Mais, encore une fois, ça ne m’a pas perturbé d’être ainsi "insulté". Ce qui est plus perturbant, c’est la capacité de réflexion de certains politiques qui ont occupé, ou occuperont, un jour ou l’autre, des responsabilités importantes (Aïe! Je vais me faire traiter de sale gauchiste…)

Polémique autour des chiffres du chômage et autres petites choses sans importance…

On le sait, la publication des chiffres du chômage a été reportée à l’après élection présidentielle.
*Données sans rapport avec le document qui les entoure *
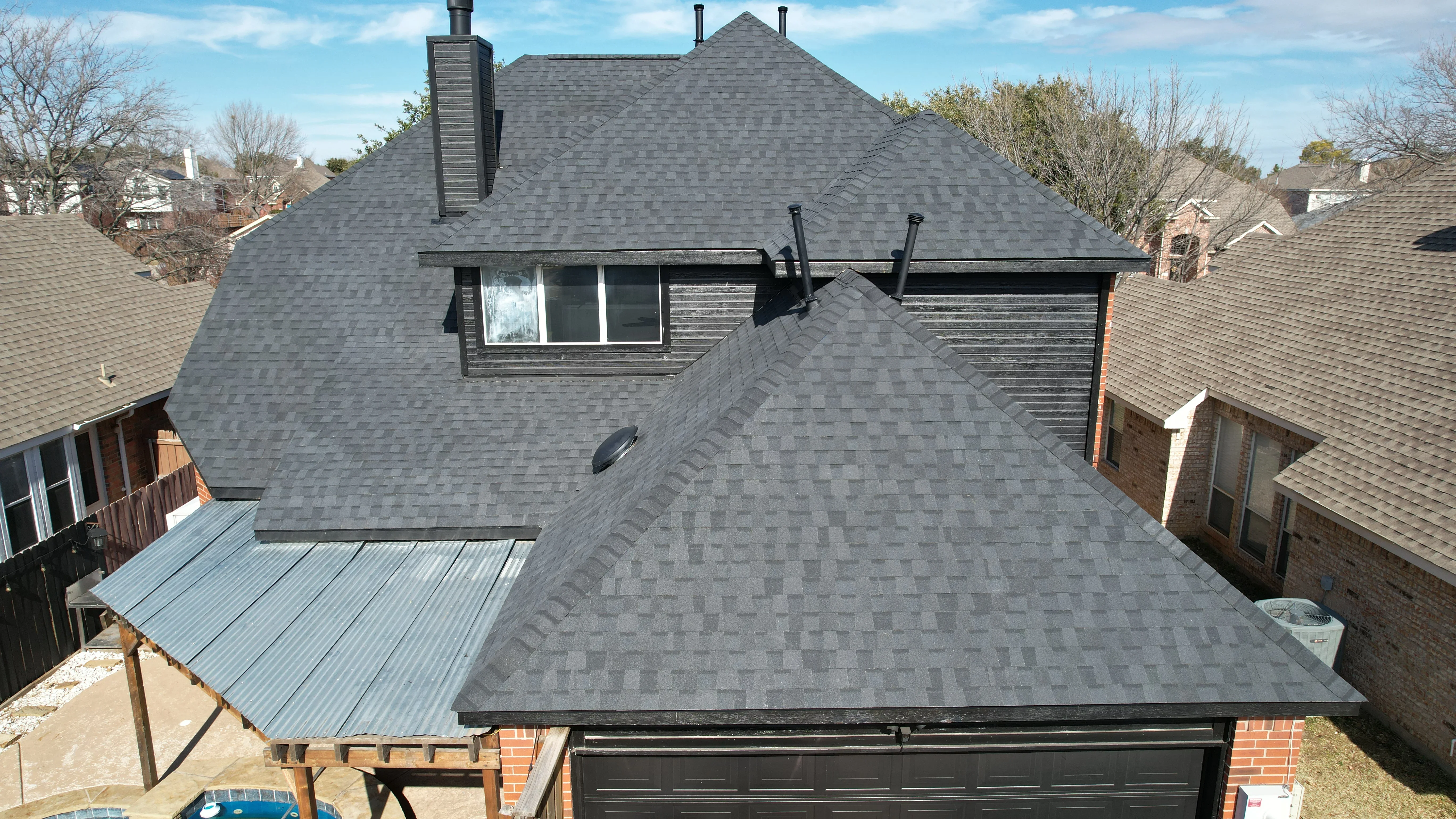 Charcoal gray architectural asphalt shingle roof with dormers, metal flashing, and black trim on residential home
Eric Maurin en a parlé récemment sur son blog ici et , Vincent Champain également, une première fois sur Débat 2007 fin janvier, une deuxième fois aujourd’hui, toujours sur Débat 2007. Eric Wasmer également, sur son blog, ici,   et . Bernard Salanié a également évoqué le problème, en expliquant que le reproche d’opacité ne lui paraissait pas recevable, mais en indiquant dans le même temps que les chiffres du chômage lui semblaient sous-évalués. Parallèlement, Eric Maurin avait protesté contre les gonflements des chiffres liés à l’évaluation du CNE ; j’en avais rajouté une couche ici (pendant ce temps, Jean-Michel Charbonnel et Laurent Bisault produisent une autre évaluation du CNE guère optimiste : "Nous pensons (…) que l’effet net sur l’emploi du CNE est au maximum de 35 000 emplois (…), et qu’il n’en créera pas en 2007").
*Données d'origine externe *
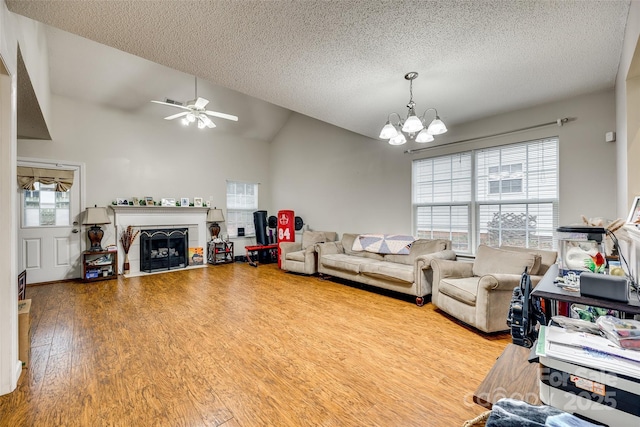 living room featuring lofted ceiling, ceiling fan with notable chandelier, light hardwood / wood-style flooring, and a textured ceiling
Ce sont maintenant les statisticiens du ministère de l’emploi qui s’insurgent contre les « manœuvres » de minimisation des chiffres du chômage :

Dans leur lettre, les 63 signataires (sur 190 salariés) critiquent la position adoptée par le directeur adjoint, Philippe Ravalet, lors de son audition devant le Conseil national de l’information statistique, le 8 mars. La présentation « ne correspondait pas à ce qui avait été convenu en interne, la veille au soir », regrettent les signataires, parmi lesquels figurent les trois quarts de l’encadrement (sous-directeurs, chefs de département, etc.). Invité à chiffrer les mesures ayant réduit artificiellement les chiffres du chômage, l’ancien conseiller technique de Gérard Larcher n’a détaillé que deux des quatre mesures dont il était possible d’évaluer l’effet. « Ce travail a pourtant été réalisé par les services de la Dares », indiquent les salariés du ministère de l’Emploi.
Philippe Ravalet a notamment omis le basculent des contrats aidés dans la catégorie 5, une section qui n’influe pas dans le calcul du taux de chômage, et la mise en place du suivi mensuel, en 2006. L’ensemble de ces mesures a concouru à réduire le nombre de demandeurs d’emploi de 100.000, ce qui a permis d’afficher un taux de chômage de 8,6 % au lieu de 8,9 % à la fin décembre 2006, indiquent-ils. ‘source : Les Echos, 19 mars 2007

Tout cela commence à faire beaucoup pour un seul gouvernement… Je dirais qu’il y a quelque chose qui ressemble à des petits problèmes de gouvernance, avec d’un côté des producteurs de statistiques servant à l’évaluation des politiques publiques et, de l’autre côté, des politiques qui mettent en oeuvre la chose évaluée. Solution? Plus de transparence, plus d’indépendance. Tout un programme, mais sans doute pas pour 2007.